Las Navas del Marqués, Castilla y León, 1987. Su libro más reciente es La hora del abejorro (Ediciones la Uña Rota, 2024).
Ninguna niña, pienso, que mire la luz del sol alcanzará nunca una sabiduría como esta.
Safo
Iuvenis sempre
Sempre femina
LA MEMORIA DE UNA CHICA SE DESPEDAZA EN EL CIELO
LOS GORRIONES AHÓ
1
Todas las noches salgo bien al balcón
Bien entrada la noche
En la calle no hay nada que decir
Sin embargo escucho a los muchachos quejarse de dolor
A las chicas también les duele
Porque les metieron dos dedos sin gentileza
¿Acaso no se notaba que eran vírgenes?
No es que haya abierto la ventana para hablar de esto
La luna es un medio limón en el cielo
Nuestros extraterrestres nos observan
Estoy enamorada de ellos
Y de las luces que nos mandan
Estoy enamorada de cualquiera
En mi bolso llevo siempre dos perfumes
Por si acaso el primero no te gusta
A ellos no les importaba
Te raptarían en cualquier maizal
Pero aquí no hay maizales
Así que nos raptaban en la explanada
que hay delante del saúco
Cuando escapábamos de la policía
Por habernos colado en la piscina
Las piscinas municipales de esta tierra
Sólo de noche son cálidas
Bajo las manos gruesas de los muchachos
Reverdece la hierba de los bordes
2
Qué bonita era la noche bajo la majada verde del cielo cuando nos observaban
los extraterrestres.
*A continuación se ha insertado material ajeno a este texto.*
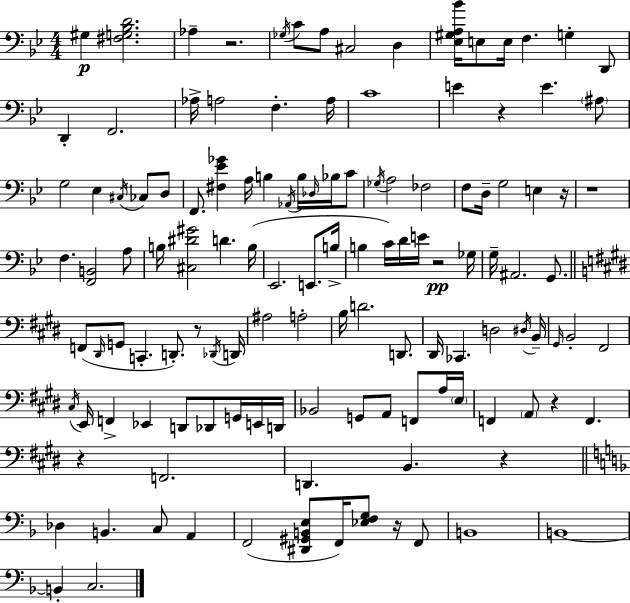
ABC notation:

X:1
T:Untitled
M:4/4
L:1/4
K:Bb
^G, [^F,G,_B,D]2 _A, z2 _G,/4 C/2 A,/2 ^C,2 D, [_E,^G,A,_B]/4 E,/2 E,/4 F, G, D,,/2 D,, F,,2 _A,/4 A,2 F, A,/4 C4 E z E ^A,/2 G,2 _E, ^C,/4 _C,/2 D,/2 F,,/2 [^F,_E_G] A,/4 B, _A,,/4 B,/4 _D,/4 _B,/4 C/2 _G,/4 A,2 _F,2 F,/2 D,/4 G,2 E, z/4 z4 F, [F,,B,,]2 A,/2 B,/4 [^C,^D^G]2 D B,/4 _E,,2 E,,/2 B,/4 B, C/4 D/4 E/4 z2 _G,/4 G,/4 ^A,,2 G,,/2 F,,/2 ^D,,/4 G,,/2 C,, D,,/2 z/2 _D,,/4 D,,/4 ^A,2 A,2 B,/4 D2 D,,/2 ^D,,/4 _C,, D,2 ^D,/4 B,,/4 ^G,,/4 B,,2 ^F,,2 ^C,/4 E,,/4 F,, _E,, D,,/2 _D,,/2 G,,/4 E,,/4 D,,/4 _B,,2 G,,/2 A,,/2 F,,/2 A,/4 E,/4 F,, A,,/2 z F,, z F,,2 D,, B,, z _D, B,, C,/2 A,, F,,2 [^D,,^G,,B,,E,]/2 F,,/4 [_E,F,G,]/2 z/4 F,,/2 B,,4 B,,4 B,, C,2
También las figuras gigantes o negras por las ventanas
de la piscina del palacio, la que estaba abandonada. En las vaquerías
abandonadas, bajo techos de silicato y lanas cancerígenas, todos brillábamos.
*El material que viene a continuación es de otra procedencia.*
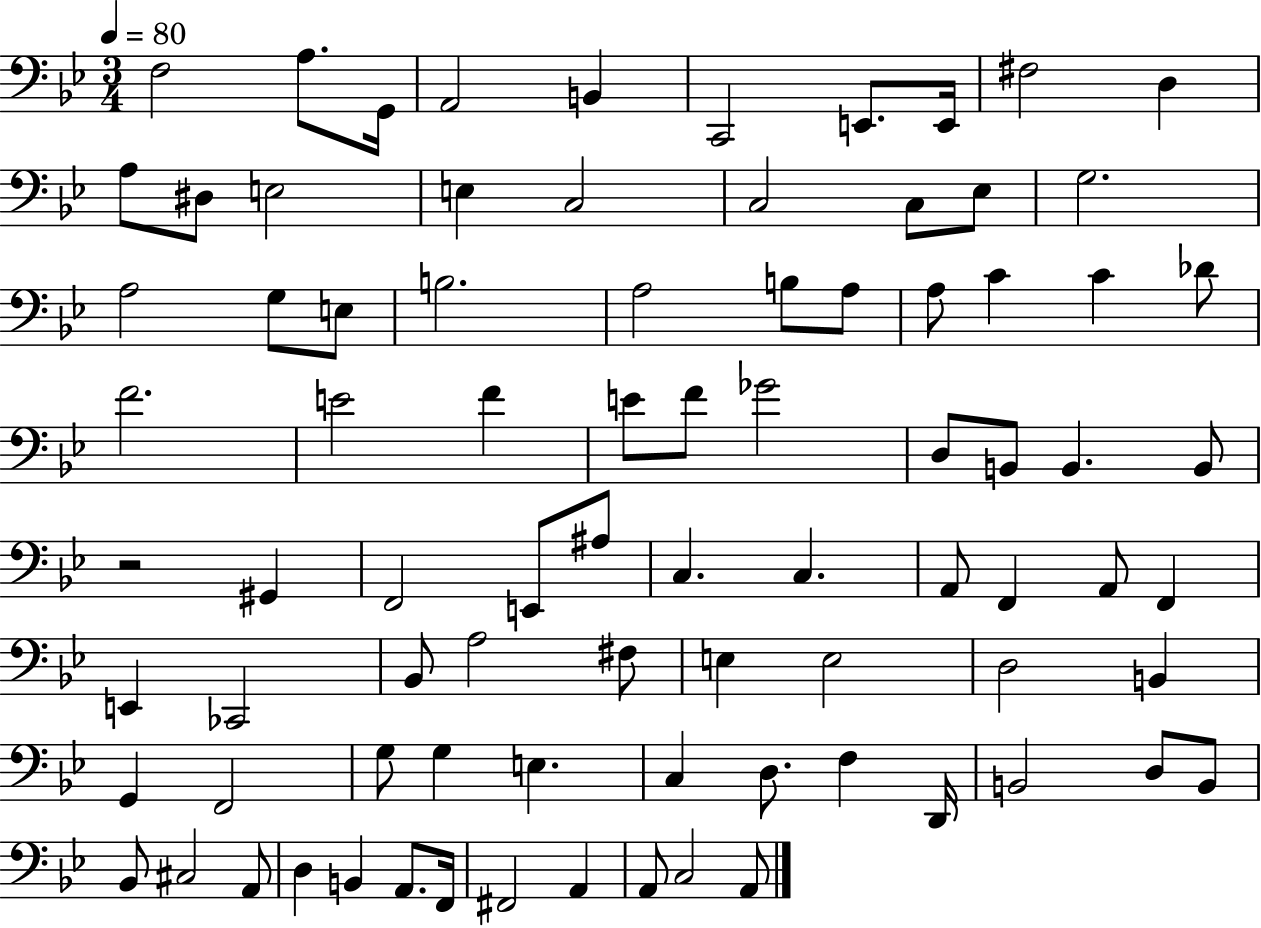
{
  \clef bass
  \numericTimeSignature
  \time 3/4
  \key bes \major
  \tempo 4 = 80
  f2 a8. g,16 | a,2 b,4 | c,2 e,8. e,16 | fis2 d4 | \break a8 dis8 e2 | e4 c2 | c2 c8 ees8 | g2. | \break a2 g8 e8 | b2. | a2 b8 a8 | a8 c'4 c'4 des'8 | \break f'2. | e'2 f'4 | e'8 f'8 ges'2 | d8 b,8 b,4. b,8 | \break r2 gis,4 | f,2 e,8 ais8 | c4. c4. | a,8 f,4 a,8 f,4 | \break e,4 ces,2 | bes,8 a2 fis8 | e4 e2 | d2 b,4 | \break g,4 f,2 | g8 g4 e4. | c4 d8. f4 d,16 | b,2 d8 b,8 | \break bes,8 cis2 a,8 | d4 b,4 a,8. f,16 | fis,2 a,4 | a,8 c2 a,8 | \break \bar "|."
}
Iban a venir Juan y Mateo, los dos me tomarían de la mano. En las
noches de verano me trenzaba el pelo para tenerlo ondulado, me ponía un
collar con una pluma de halcón. Juan y Mateo me tomarían de la mano y el
chico desconocido me iba a mirar siempre en el borde de la piscina.
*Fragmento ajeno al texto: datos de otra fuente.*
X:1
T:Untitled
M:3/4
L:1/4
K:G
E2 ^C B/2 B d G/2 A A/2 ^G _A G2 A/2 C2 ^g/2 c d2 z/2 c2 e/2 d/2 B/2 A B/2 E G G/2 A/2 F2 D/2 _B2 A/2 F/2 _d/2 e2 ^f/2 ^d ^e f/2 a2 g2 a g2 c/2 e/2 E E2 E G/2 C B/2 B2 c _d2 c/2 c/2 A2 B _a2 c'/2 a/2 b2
Después, en la plaza, su hermano pequeño me lo preguntaría, y yo sí que querría, querría bailar con su hermano desconocido. Bajo el mantón de la abuela
me apretaría las manos. La mantilla caería por mis hombros. La blanca,
que es la más antigua, y saliendo de la plaza me marearía. Ahora el desconocido
y yo bailamos mientras nos mira su hermano. Yo miro al desconocido al borde de la piscina aunque sea de noche y estemos en la plaza, sin embargo
todavía lo veo al borde de la piscina. Ahora mis amigas se ríen escondidas
como topos en las columnas del templete. Sus gafas se empañan y se
las suben arrugando las narices. Desde arriba los niños pequeños escupen
palomitas. En el escenario unas mujeres agitan unas plumas verdes y doradas.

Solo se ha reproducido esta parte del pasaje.